D’abord une alliance militaire engagée à faire bloc autour du Niger dans l’éventualité d’une agression militaire, l’AES assume aujourd’hui, outre ses objectifs sécuritaires de mutualisation des efforts des États membres contre la menace jihadiste, des volets politique, social et économique. Dans ce cadre, le retrait conjoint du Burkina Faso et du Niger, vient répondre aux objectifs de coopération, voire d’intégration militaire de l’AES. Libérés de leurs engagements envers le G5 Sahel, Ouagadougou, Bamako et Niamey peuvent désormais dédier leurs ressources sécuritaires au renforcement des objectifs militaires de l’AES. « Le Burkina Faso et le Niger maintiendront leur dynamique de coopération notamment au sein de l’Alliance des États du Sahel, pour faire de notre espace sahélien un espace de souveraineté assumée pour la reconquête de nos territoires et la restauration de la paix et de la sécurité, gage d’un développement partagé pour les peuples du Sahel », confirment les deux pays.

Le visage d’un nouveau multilatéralisme sous-régional

Militaire, le retrait conjoint de Ouagadougou et Niamey du G5 Sahel est avant tout motivé par une vision politique : poursuivre la rupture avec la France, entamée dès les premières semaines de la prise de pouvoir des militaires du MPSR2 et du CNSP. Les deux pays estiment ainsi que « le G5 Sahel ne saurait servir les intérêts étrangers au détriment de ceux des peuples du Sahel, encore moins accepter le diktat de quelque puissance que ce soit au nom d’un partenariat dévoyé et infantilisant qui nie le droit à la souveraineté de nos peuples et de nos États ».

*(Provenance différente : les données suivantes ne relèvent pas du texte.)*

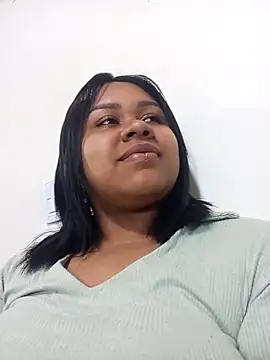 Snapshot of cami__sexy chatting on 02/11/26, 03:17 cami sexy online show from 02/11/26, 03:17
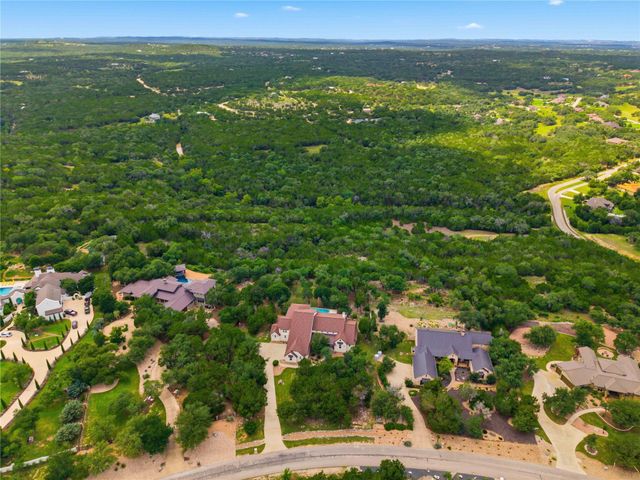 954 Covered Bridge DR, Driftwood, TX 78619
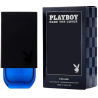 Playboy EDT pre mužov 30 ml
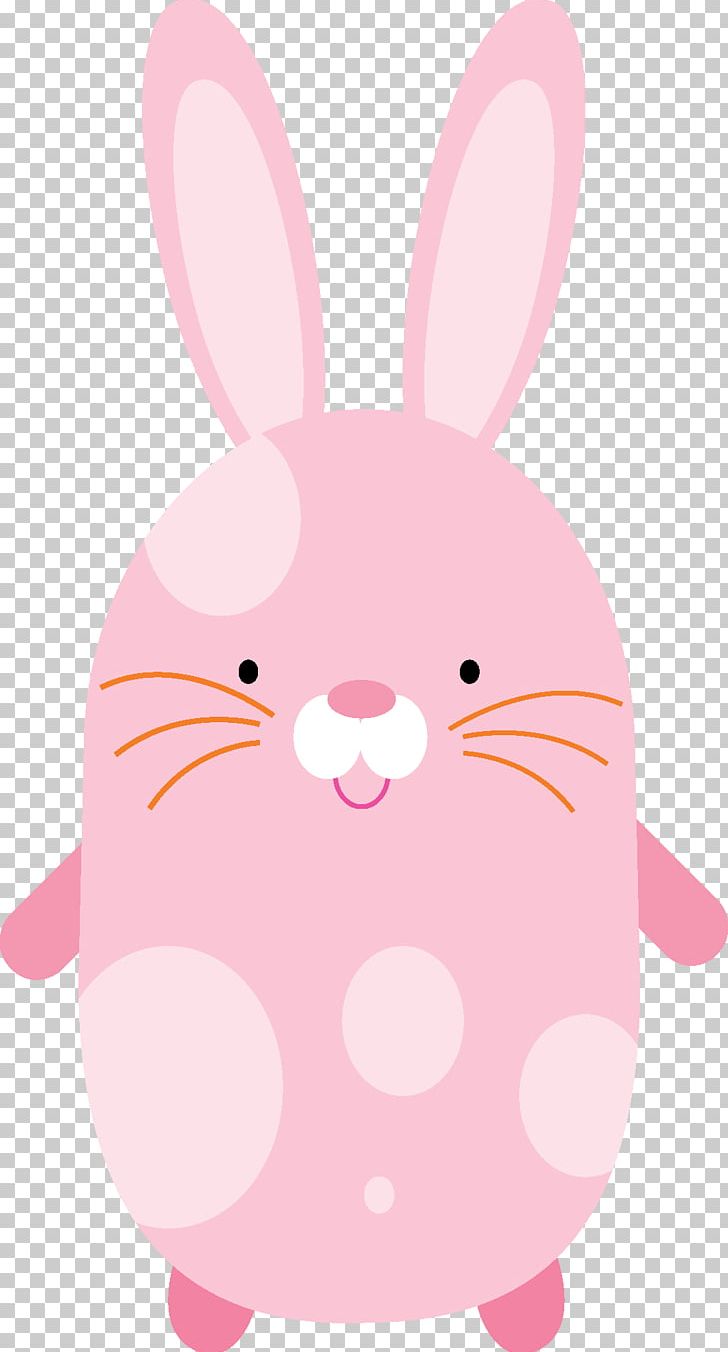 Domestic Rabbit Easter Bunny European Rabbit PNG, Clipart, Animals, Cartoon, Cartoon Rabbit, Conejo Del Metro Parisino, Cute Bunny Free PNG Download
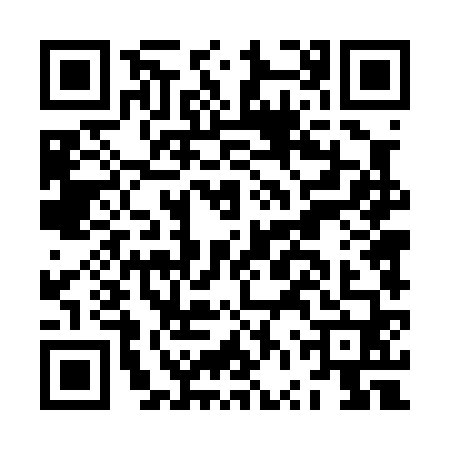 QR code for JVT0600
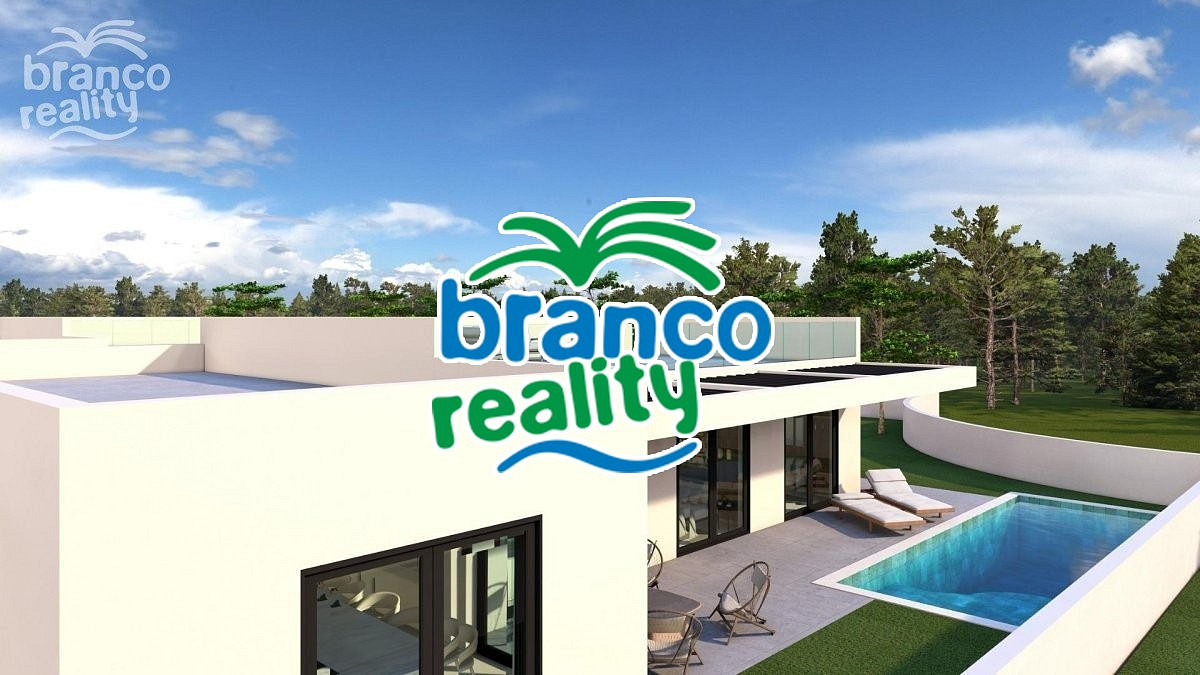 Prodej domu 255 m² s pozemkem 501 m², Finestrat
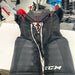 Used CCM Jetspeed FT390 Junior Medium Pants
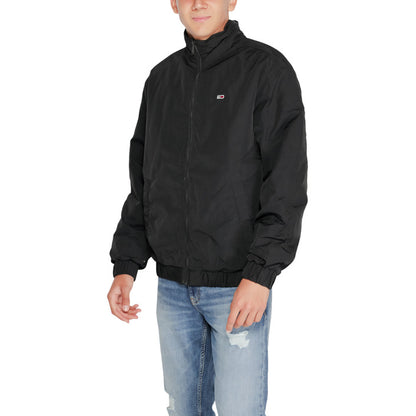 Tommy Hilfiger Giubbotto Uomo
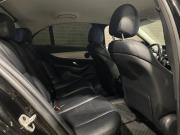 Mercedes-Benz E-Класс V (W213 S213 C238) Рестайлинг Челябинск  - изображение 34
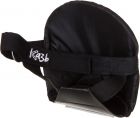 The flat black Ka3b - OLD DESIGN CLEARANCE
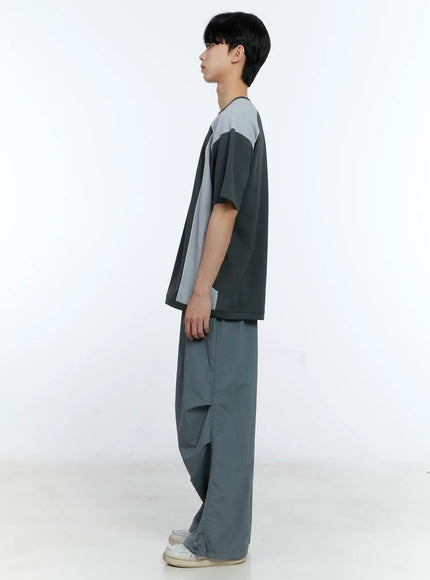 mens-parachute-cargo-pants-ig501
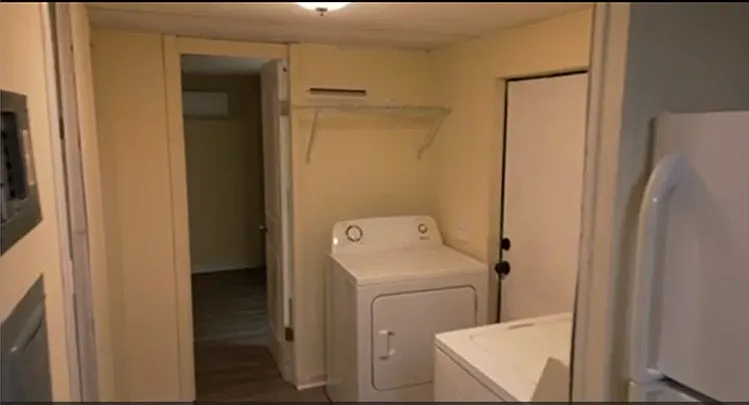 4900 Fausett Dr #3 — Photo 6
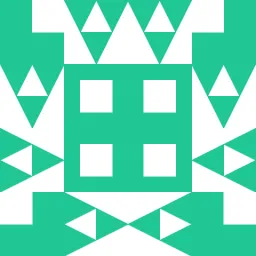 content-author-1408945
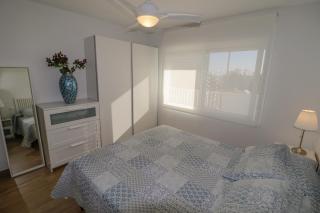 New, Sunny, Near The Beach With Sea Views - Benalmádena - 1
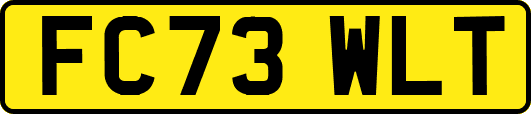 FC73WLT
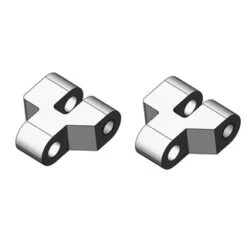 T.TIGER Alu. Pitchlink E-325 [TTPV0821]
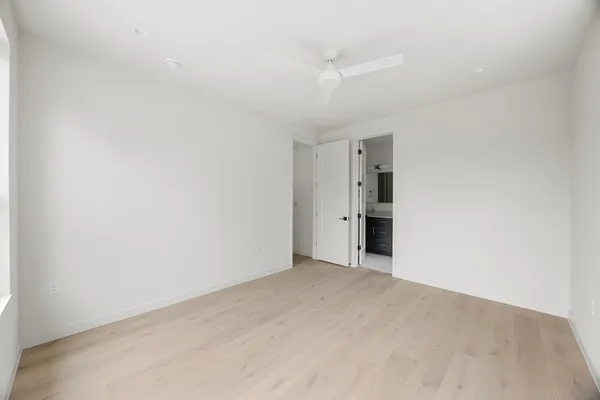 $595,000 | 1709 Maple Avenue, Unit 2A, Austin, TX 78702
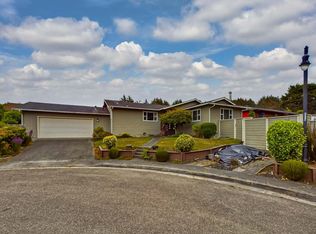 6241 Abrahamsen Ct, Eureka, CA 95503
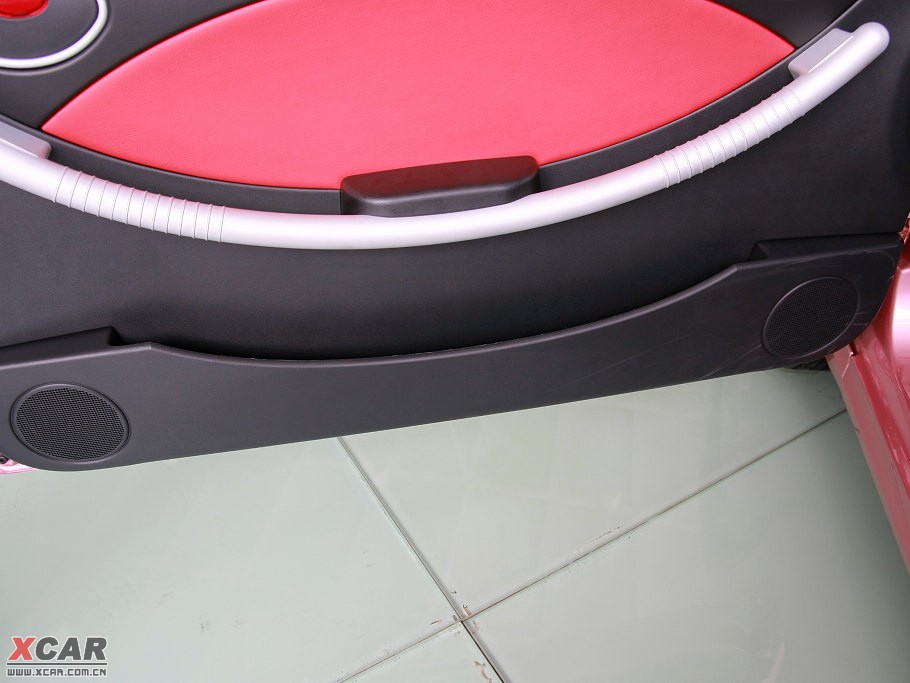 2009QQme 1.3L քӚgİ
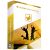 ACDSee Video Converter Pro 5 ACDSee Video Converter Pro 5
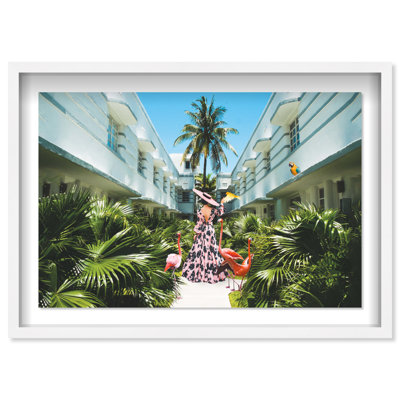 BIG Deals On Your Favorite Finds!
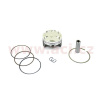 Piestne sada B priemer 77,97 mm (Yamaha), ATHENA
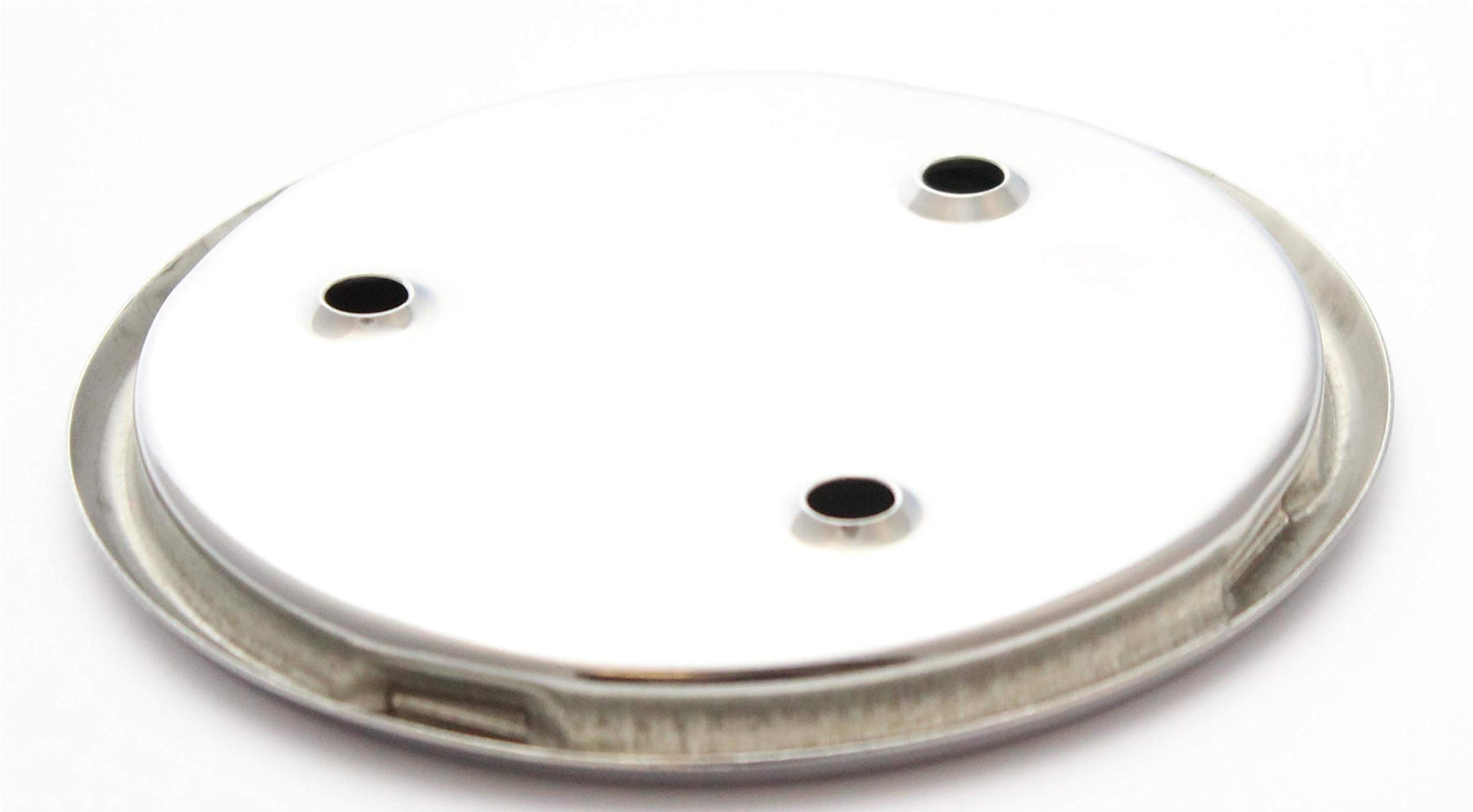 Vite Di Ricambio KitchenAid W10191926 - Originale USA Per Elettrodomestici - Foto 8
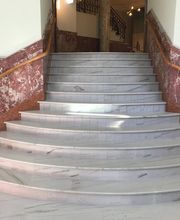 P. Bachmann AG Bild 5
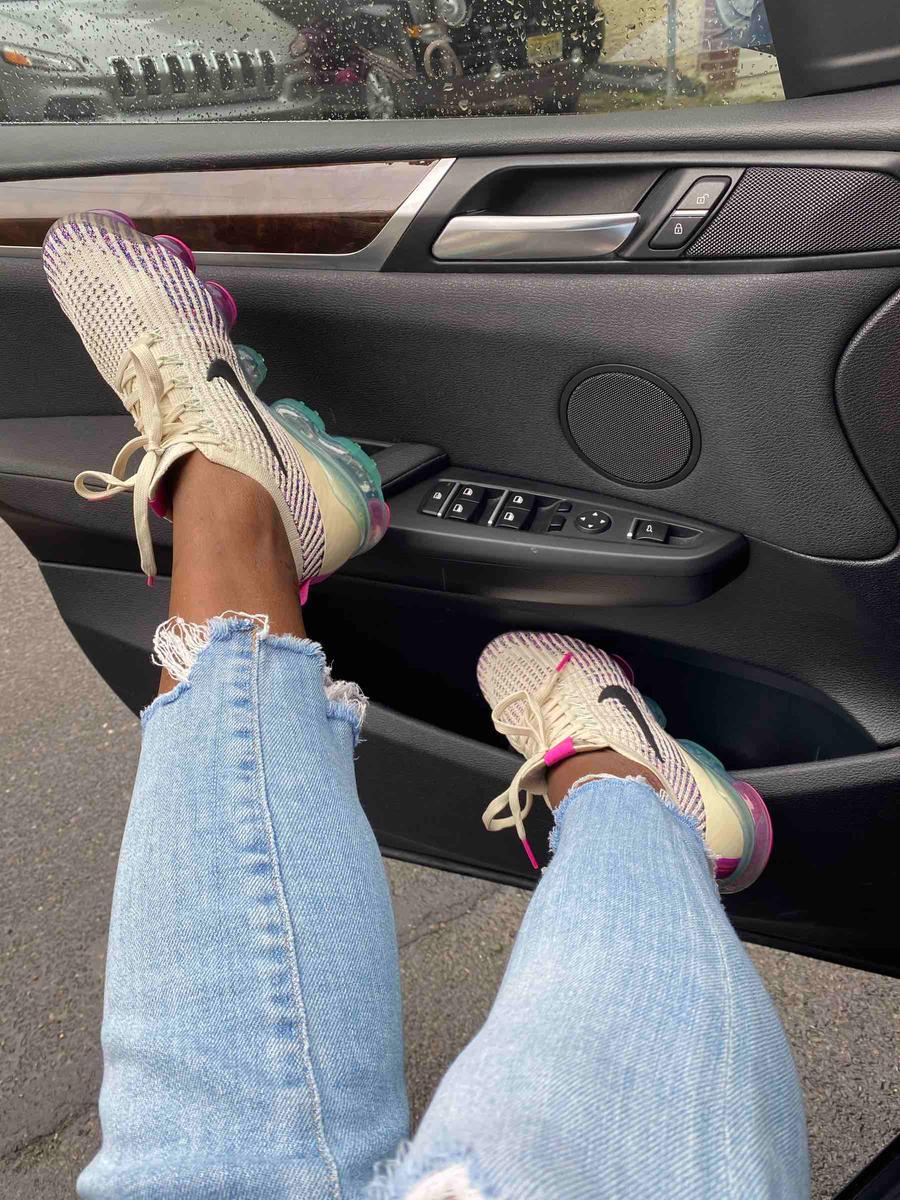 Review Thumbnail Image 0 198085591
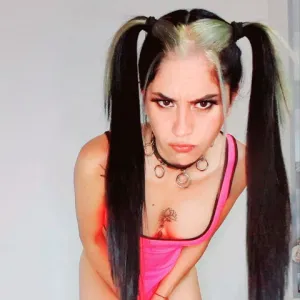 WestFox🎀 Onlyfans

« On ne va pas vous laisser la faire. Nous sommes à 15, on va rester à 15 », réagissait déjà Sani Malam Chaibou, deuxième vice-président de la CEDEAO, en février dernier, face aux ambitions alors affichées par le Mali, le Burkina Faso et la Guinée de fusionner au sein d’une fédération. La Guinée ayant depuis tempéré ses ardeurs, Mali et Burkina Faso se sont trouvé un nouvel allié depuis la prise de pouvoir du général Tiani. Quelle sera la réaction de l’organisation ? Déjà menacée de dislocation par Bamako et Ouagadougou, l’institution est fragilisée par le projet fédéral sahélien, concurrent de ses ambitions d’intégration économique et politique.

En effet, à l’issue de la première réunion des ministres des Affaires étrangères des États de l’AES tenue les 30 novembre et 1er décembre, Mali, Niger et Burkina Faso ont convenu de créer leur propre Banque d’investissement, un Fonds de stabilisation monétaire et « d’approfondir les réflexions sur les questions de l’union économique et monétaire ». Les États membres esquissent ainsi une sortie future du franc CFA. En s’engageant également à renforcer la coordination de leur action politique et diplomatique, l’AES se pose résolument en alternative à la CEDEAO, ouvrant la porte à une éventuelle sortie de l’organisation.